ロンドン会議
ロンドン会議は、19世紀前半の東方問題の一環として開催され、オスマン帝国支配からのギリシア独立を正式に承認した国際会議である。場所はイギリスのロンドンで、イギリス・フランス・ロシアなどの列強が参加し、ギリシア国家の承認と国境画定、統治体制の枠組みが話し合われた。この会議によってギリシアは名目上の自治から完全な独立国家へと位置づけを高め、ウィーン体制下のヨーロッパ国際秩序に新たな独立国家として組み込まれた。
背景
ロンドン会議の背景には、1821年に始まったギリシア独立戦争がある。長年オスマン帝国の支配下に置かれていたギリシア人は、民族意識と正教信仰を支えに独立運動を展開した。これに対し、当初列強はウィーン体制維持を重視して干渉を避けたが、ギリシアへの共感を示すフィルヘレニズム(ギリシア愛護主義)の世論が高まり、やがて列強の外交方針も介入へ傾いていった。
ナヴァリノの海戦と列強介入
転機となったのは1827年のナヴァリノの海戦である。英仏露連合艦隊がオスマン・エジプト連合艦隊を撃破し、ギリシア側に有利な軍事状況が生まれた。続くアドリアノープル条約を経て、オスマン帝国はギリシアの広範な自治を認めざるをえなくなり、列強はその処理を協議する場としてロンドン会議を招集した。ここには、海上覇権を重視するイギリス、バルカン方面への進出を図るロシア、勢力均衡の維持を望むフランスなど、相互に利害の異なる列強思惑が交錯していた。
会議の構成と参加国
ロンドン会議には、主としてイギリス・フランス・ロシアの3国が中心的当事者として参加し、オーストリアやプロイセンも情報共有と均衡維持の観点から深く関与した。イギリスは地中海航路とインドへのルート保全のため、ロシアは黒海・地中海への進出拠点としてのギリシアを重視し、フランスはウィーン体制の枠内で一定の影響力を維持しようとした。それぞれの利害を調整することが、この会議の最大の課題であった。
決定内容
ロンドン会議の結果、ギリシアはオスマン帝国からの完全な独立国家として承認され、国際法上の主体となった。領土はペロポネソス半島と一部のエーゲ海島嶼に限定されるなど、ギリシア人の期待よりは狭い範囲にとどまったが、それでもヨーロッパにおける最初期の民族独立運動の成功例となった。
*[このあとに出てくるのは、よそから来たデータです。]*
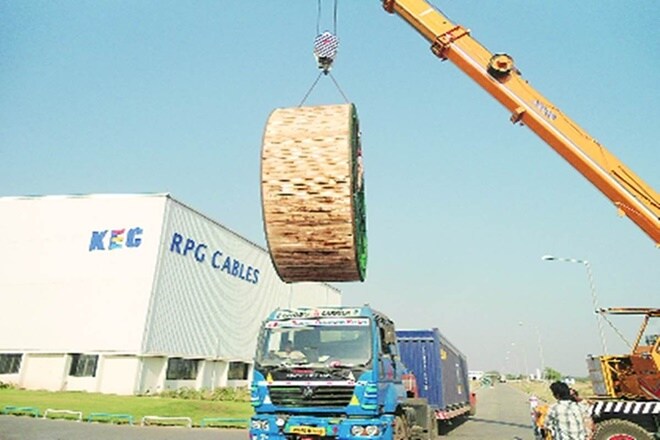 KEC’s net debt as of Q3FY20-end stood at Rs 24 bn (Rs 6.5 bn lower y-o-y and flat sequentially). 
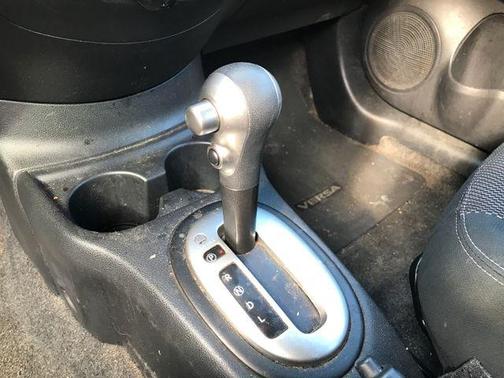 2016 Nissan Versa 1.6 SV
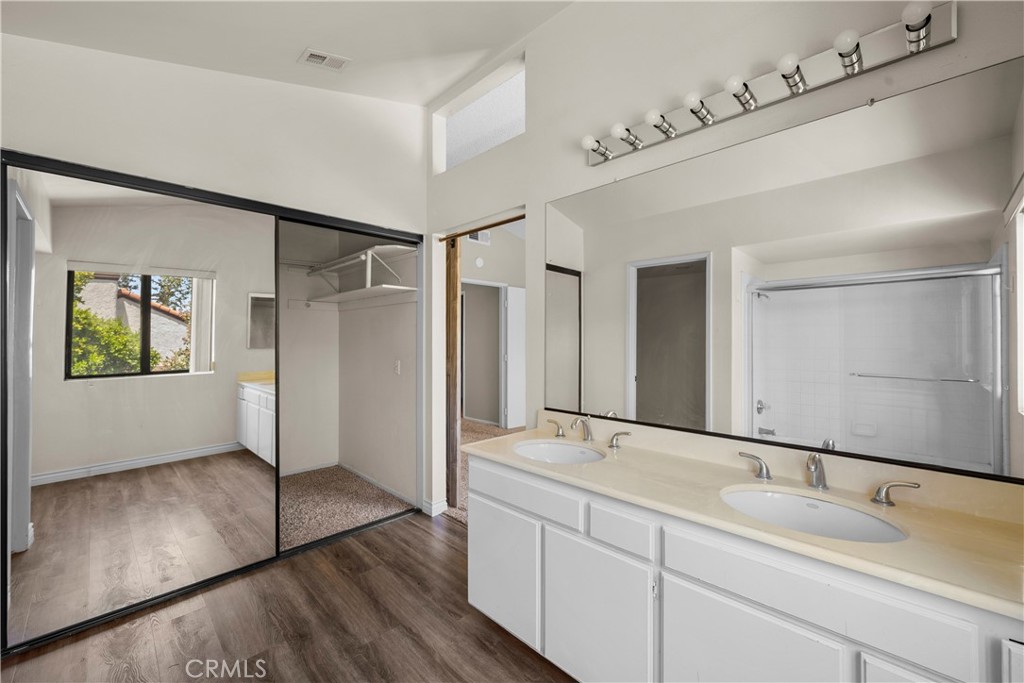 2224 Oak Haven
また立憲君主制を前提とし、ドイツ系王侯を国王に招く構想が固められたことは、列強がギリシア王位を通じて影響力を保持しようとしたことを示している。
ウィーン体制との関係
本来革命運動を抑圧する体制であったウィーン体制のもとで、民族独立を要求する運動が国際会議で承認された点にロンドン会議の大きな特徴がある。これは、単純な反革命秩序から、列強が自らの利害に応じて国民運動を利用・承認する段階へと移行しつつあったことを意味し、のちのベルギー独立やバルカン諸国の自立にも通じる先例となった。
東方問題への影響
ロンドン会議によるギリシア独立承認は、オスマン帝国の弱体化を国際的に確認する出来事でもあった。以後、バルカン半島ではセルビアやルーマニアなど他のキリスト教諸民族も自立への道を歩み、東方問題は19世紀ヨーロッパ外交の中心課題として長期化することになる。列強はバルカン民族運動を抑え込むのではなく、むしろ自国の外交カードとして利用し、勢力圏の拡大や均衡維持に活用していった。
歴史的意義
ロンドン会議は、一方で民族自決の一歩前進を示しつつ、他方で列強による保護と干渉の枠内でしか独立が認められないという限界も示した。ギリシアの独立は、ヨーロッパ各地のナショナリズム運動を鼓舞し、のちの1848年革命やイタリア・ドイツ統一運動にも間接的な影響を与えたと評価される。この会議を通じて、列強は自らの利害を調整しつつ新たな国家を国際秩序に組み込む手法を学び、19世紀後半の国際政治へとつながる重要な経験を蓄積したのである。